1. (东北大学信息科学与工程学院 沈阳 110819) (guyu@ise.neu.edu.cn)
• 出版日期: 2014-12-01
• 基金资助:
基金项目：国家“九七三”重点基础研究发展计划基金项目(2012CB316201)；国家自然科学基金项目(61472071,61272179,61033007,61173028)；中央高校基本科研业务费专项资金项目(N130404010,N110404006)

### Vertex-Driven Parallel Minimum Spanning Tree Algorithms on Large Graphs

Gu Yu, Yang Jiaxue, Bao Yubin, Yu Ge

1. (College of Information Science and Engineering, Northeastern University, Shenyang 110819)
• Online: 2014-12-01

Abstract: The minimum spanning tree(MST) algorithm is one of the most classic algorithms in the graph theory. Some complex graph algorithms based on MST including clustering, classification and shortest path queries have been improved significantly in terms of efficiency and quality. However, with the rapid development of Internet, the scales of graphs have been becoming larger and larger. Large scale graphs which contain millions or even billions of vertices have become more common. Therefore, how to implement query processing and data mining algorithms on large scale graphs has become a problem to be solved urgently. In addition, because of the dynamic properties of large-scale graphs, how to maintain results dynamically has also become one of the most attractive problems. However, the state of the art MST algorithms can’t handle such massive and dynamic graph data.
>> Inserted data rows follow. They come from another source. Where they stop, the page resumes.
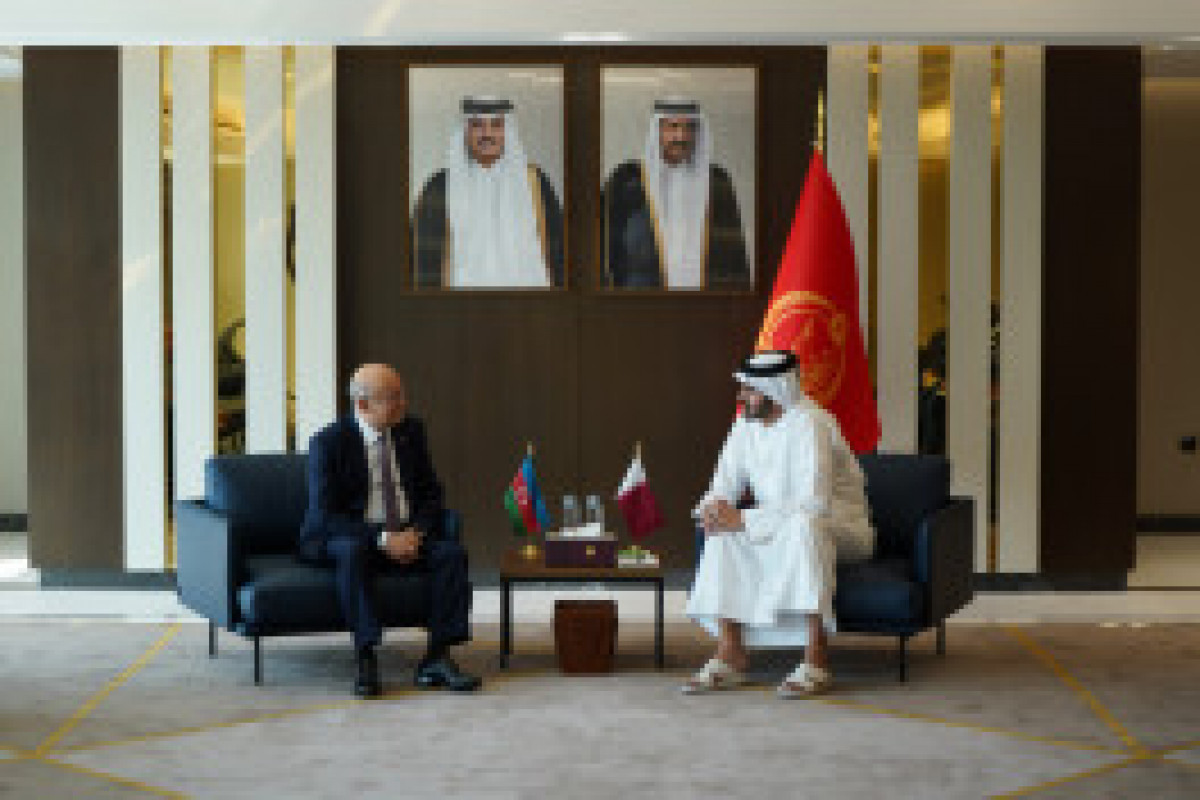 Réunions de la Commission mixte Azerbaïdjan-Qatar et du Conseil des affaires à Doha - VIDÉO 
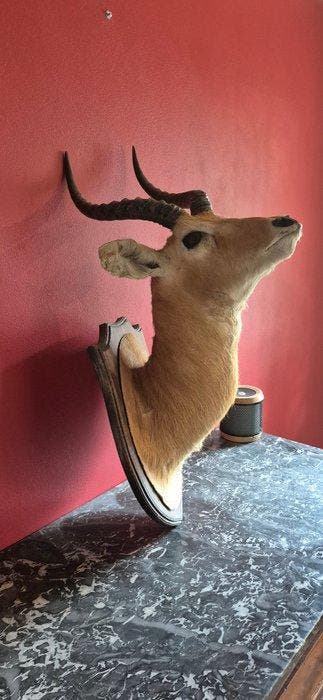 Cobe de Buffon Taxidermie wandmontage - Kobus cob - superbe, Nieuw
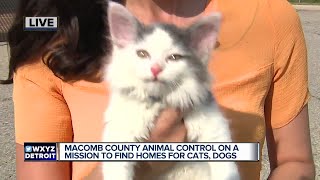 Macomb County Animal Control on a mission to find homes for cats and dogs [upl. by Ydderf]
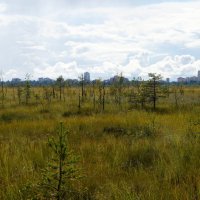 на горизонте Сестрорецк :: zavitok *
In this paper, we propose a vertex-driven parallel MST algorithm called PB based on a partition Prim algorithm named PP, and demonstrate the correctness of PB. Moreover, we implement the whole process of PB algorithm on the MapReduce and BSP framework respectively. Taking deletion-only graphs into consideration, we put forward a maintenance algorithm for MST which can conduct efficient incremental evaluation. All the computation and maintenance costs are further analyzed and compared. Finally, experiments based on real and synthetic data sets demonstrate the reliabilty, efficiency and scalability of our algorithms.